The worm is a freshwater oligochaete, a small relative to earthworms and is common and harmless. It probably came in on one of the plants (not in your well water!) The protozoa are really Paramecium. 

What kind of lens do you have on your camera to get that picture?


----------



## neonfish3 (Feb 12, 2004)

HeyPK said:


> The protozoa are really Paramecium.
> 
> What kind of lens do you have on your camera to get that picture?


Thanks HeyPK. 
But after doing some research on freshwater oligochaete, I still am grossed out. 
http://www.eeob.iastate.edu/faculty/DrewesC/htdocs/invert-thumbs.htm
Theres some great pics and info here^
and here: http://www.micrographia.com/aadirpgs/specall/specgen/spegen01.htm
The WORLD we live in IS amazing!!!

My camera is a Nikon coolpix 5400, no special lenses, shot in macro, f 3.5, 1/60 sec., ISO 50. no flash. Pic was edited slightly in Photoshop Elements 3 to bring out more detail.
The camera will focus at 1 cm.,I can put the lens on the glass side of the tank and take a pic of something on the inside of the glass. (I love it)
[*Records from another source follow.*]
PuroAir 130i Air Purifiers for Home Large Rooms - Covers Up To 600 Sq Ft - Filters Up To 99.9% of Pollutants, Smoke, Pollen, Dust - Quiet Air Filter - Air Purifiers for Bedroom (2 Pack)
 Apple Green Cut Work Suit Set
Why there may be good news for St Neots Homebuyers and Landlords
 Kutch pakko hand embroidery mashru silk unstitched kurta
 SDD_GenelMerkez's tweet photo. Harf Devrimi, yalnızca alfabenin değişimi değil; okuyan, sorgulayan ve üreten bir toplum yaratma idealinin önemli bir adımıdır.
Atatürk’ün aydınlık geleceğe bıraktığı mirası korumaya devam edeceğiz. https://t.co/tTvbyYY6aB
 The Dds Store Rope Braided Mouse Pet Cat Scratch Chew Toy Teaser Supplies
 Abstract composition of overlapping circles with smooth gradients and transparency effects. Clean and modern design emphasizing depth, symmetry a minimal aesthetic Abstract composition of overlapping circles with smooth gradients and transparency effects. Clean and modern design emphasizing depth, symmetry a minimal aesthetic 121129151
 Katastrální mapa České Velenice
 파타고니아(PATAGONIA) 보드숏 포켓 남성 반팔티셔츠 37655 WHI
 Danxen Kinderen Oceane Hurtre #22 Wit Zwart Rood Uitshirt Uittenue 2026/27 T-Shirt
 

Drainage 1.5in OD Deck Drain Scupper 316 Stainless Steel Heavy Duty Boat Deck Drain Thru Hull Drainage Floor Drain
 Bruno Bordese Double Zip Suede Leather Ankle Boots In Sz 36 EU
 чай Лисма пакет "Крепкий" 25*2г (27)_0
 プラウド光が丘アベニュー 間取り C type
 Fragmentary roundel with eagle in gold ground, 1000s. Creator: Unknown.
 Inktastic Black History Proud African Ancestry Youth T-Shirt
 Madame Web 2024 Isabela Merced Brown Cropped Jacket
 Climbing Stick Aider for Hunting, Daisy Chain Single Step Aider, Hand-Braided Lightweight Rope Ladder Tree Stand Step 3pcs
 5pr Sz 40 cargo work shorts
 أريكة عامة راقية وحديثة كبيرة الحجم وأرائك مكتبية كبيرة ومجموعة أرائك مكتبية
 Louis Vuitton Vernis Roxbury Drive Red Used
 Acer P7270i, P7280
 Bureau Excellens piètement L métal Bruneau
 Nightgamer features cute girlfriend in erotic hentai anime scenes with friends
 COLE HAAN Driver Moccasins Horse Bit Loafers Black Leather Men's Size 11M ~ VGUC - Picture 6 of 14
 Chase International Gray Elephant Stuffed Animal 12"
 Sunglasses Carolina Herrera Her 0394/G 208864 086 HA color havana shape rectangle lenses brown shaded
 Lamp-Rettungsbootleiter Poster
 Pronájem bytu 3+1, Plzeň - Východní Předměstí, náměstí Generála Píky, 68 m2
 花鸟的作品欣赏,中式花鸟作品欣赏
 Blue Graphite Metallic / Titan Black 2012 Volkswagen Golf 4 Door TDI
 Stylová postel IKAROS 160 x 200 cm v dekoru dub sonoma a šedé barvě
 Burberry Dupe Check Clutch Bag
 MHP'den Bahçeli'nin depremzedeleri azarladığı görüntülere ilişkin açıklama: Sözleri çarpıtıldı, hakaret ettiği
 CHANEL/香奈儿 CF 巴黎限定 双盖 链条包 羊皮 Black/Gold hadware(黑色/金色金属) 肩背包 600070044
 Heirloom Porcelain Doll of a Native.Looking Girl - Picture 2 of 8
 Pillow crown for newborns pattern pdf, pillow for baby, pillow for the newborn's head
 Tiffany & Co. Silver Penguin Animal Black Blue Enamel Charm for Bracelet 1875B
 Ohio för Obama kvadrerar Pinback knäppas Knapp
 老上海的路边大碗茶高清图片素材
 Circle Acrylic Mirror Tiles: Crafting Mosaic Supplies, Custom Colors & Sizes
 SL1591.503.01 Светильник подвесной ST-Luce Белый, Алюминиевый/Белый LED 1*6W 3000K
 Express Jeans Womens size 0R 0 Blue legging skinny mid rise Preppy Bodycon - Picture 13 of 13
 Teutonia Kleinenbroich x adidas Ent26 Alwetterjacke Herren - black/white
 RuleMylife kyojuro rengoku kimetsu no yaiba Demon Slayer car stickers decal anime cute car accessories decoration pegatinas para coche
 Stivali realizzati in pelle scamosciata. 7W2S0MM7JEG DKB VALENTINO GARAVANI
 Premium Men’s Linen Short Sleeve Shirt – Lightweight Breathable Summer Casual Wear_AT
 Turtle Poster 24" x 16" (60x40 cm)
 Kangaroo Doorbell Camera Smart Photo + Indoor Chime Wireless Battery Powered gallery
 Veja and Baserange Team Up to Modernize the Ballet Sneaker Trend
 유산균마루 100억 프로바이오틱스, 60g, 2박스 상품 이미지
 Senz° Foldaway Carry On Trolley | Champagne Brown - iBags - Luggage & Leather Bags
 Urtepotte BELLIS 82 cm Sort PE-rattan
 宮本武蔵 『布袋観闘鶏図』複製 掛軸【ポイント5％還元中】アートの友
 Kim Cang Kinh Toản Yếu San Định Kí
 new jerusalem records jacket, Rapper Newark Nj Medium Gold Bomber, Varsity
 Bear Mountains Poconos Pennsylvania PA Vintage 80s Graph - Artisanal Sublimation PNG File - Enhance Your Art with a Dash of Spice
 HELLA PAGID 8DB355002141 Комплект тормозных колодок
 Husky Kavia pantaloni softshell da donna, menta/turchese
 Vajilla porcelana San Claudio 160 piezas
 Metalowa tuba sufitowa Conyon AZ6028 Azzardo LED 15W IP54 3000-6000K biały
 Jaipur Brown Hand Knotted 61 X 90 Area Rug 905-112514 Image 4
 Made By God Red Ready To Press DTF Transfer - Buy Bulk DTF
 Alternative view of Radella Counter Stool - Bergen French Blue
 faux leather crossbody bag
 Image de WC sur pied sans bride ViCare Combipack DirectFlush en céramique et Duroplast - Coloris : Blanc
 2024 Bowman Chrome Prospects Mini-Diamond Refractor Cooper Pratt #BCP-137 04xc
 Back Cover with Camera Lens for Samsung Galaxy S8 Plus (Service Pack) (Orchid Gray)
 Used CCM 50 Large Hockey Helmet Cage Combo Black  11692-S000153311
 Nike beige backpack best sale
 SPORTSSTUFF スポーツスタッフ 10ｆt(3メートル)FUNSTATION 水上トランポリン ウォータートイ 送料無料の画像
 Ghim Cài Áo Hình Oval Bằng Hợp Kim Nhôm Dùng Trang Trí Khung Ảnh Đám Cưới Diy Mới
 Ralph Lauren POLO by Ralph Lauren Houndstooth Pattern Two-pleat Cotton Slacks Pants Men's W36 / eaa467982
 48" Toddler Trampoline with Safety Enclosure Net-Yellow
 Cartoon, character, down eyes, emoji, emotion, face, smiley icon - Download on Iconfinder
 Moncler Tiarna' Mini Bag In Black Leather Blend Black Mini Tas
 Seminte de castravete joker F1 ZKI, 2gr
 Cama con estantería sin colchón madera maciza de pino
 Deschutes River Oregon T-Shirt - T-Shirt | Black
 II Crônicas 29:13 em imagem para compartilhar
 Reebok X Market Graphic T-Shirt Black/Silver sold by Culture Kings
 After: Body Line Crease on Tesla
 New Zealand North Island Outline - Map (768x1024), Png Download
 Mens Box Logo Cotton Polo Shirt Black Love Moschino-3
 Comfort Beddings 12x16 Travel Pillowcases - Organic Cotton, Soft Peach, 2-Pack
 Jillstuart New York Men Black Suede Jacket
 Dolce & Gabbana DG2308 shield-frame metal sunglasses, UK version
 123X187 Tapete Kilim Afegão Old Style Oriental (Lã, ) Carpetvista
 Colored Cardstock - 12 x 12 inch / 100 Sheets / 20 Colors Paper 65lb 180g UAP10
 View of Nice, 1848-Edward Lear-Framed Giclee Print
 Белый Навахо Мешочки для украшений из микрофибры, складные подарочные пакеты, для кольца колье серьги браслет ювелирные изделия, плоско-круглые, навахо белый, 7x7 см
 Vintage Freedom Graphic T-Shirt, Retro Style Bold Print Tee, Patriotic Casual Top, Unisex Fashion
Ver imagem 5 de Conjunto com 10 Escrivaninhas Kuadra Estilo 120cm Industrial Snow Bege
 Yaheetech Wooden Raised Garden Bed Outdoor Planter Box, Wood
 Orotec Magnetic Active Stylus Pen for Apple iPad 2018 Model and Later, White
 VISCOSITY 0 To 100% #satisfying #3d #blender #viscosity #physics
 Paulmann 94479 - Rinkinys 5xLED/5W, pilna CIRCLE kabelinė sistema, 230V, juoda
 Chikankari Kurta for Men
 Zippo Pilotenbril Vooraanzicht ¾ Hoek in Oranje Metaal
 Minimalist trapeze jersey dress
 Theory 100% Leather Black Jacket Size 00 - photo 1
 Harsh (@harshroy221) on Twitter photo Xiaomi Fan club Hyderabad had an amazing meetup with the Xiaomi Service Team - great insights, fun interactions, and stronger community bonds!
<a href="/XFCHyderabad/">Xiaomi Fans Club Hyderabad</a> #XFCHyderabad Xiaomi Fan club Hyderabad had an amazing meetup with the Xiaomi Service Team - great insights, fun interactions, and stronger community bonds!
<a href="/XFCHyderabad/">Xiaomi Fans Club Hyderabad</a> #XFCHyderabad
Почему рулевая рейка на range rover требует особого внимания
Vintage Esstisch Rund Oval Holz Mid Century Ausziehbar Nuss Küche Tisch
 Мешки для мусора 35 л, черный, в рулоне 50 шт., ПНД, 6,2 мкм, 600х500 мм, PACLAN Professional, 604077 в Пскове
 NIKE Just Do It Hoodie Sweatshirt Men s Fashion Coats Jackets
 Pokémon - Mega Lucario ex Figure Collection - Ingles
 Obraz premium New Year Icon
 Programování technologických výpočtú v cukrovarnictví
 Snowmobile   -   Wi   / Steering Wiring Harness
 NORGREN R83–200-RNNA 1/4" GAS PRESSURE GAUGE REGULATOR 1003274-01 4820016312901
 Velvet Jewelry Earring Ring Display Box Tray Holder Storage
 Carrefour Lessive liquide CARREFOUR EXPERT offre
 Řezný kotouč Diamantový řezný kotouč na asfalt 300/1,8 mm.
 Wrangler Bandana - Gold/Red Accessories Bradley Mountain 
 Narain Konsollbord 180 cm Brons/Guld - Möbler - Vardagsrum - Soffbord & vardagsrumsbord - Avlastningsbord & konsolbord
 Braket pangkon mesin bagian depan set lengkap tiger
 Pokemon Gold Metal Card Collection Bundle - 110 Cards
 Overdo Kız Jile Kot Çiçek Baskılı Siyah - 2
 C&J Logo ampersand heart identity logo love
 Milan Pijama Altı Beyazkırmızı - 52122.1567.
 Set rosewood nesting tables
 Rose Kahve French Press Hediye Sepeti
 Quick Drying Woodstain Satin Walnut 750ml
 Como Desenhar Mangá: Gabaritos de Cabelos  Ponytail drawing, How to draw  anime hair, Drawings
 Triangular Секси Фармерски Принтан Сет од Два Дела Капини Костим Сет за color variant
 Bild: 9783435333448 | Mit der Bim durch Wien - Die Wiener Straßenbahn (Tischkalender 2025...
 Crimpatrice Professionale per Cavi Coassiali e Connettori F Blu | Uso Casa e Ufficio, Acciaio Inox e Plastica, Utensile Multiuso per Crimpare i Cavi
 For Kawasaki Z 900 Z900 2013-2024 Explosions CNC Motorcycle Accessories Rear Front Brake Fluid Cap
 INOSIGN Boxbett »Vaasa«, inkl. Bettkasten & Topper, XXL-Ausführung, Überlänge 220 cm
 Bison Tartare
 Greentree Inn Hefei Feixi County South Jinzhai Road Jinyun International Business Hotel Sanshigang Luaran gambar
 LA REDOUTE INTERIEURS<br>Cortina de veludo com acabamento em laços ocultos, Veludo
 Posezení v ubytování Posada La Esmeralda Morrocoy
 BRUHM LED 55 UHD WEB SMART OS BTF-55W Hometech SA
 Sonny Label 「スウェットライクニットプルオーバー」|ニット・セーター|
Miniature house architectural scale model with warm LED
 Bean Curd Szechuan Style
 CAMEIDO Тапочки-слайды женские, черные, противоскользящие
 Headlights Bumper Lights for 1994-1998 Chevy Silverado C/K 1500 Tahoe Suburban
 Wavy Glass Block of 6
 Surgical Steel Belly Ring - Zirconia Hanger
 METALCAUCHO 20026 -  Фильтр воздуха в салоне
There once were some worms in a tank
That suddenly got very rank
Overfed with fish food
They became very rude
Refusing to swim, they just sank.​​


----------



## Zapins (Jul 28, 2004)

Hehe, I was also a bit disgused with finding nematodes in my tank a few years ago, but they kinda grow on you as time goes on...


----------



## HeyPK (Jan 23, 2004)

I know these worms, and I think they are in the genus, Stylaria. They live mostly in the mulm, and they feed on something in there. Something they pull on stuff, causing it to twitch, and you can see bits of debris twitching, but it is much harder to see the worm that is doing it. 

That is an amazing macro capability in your coolpix!!


----------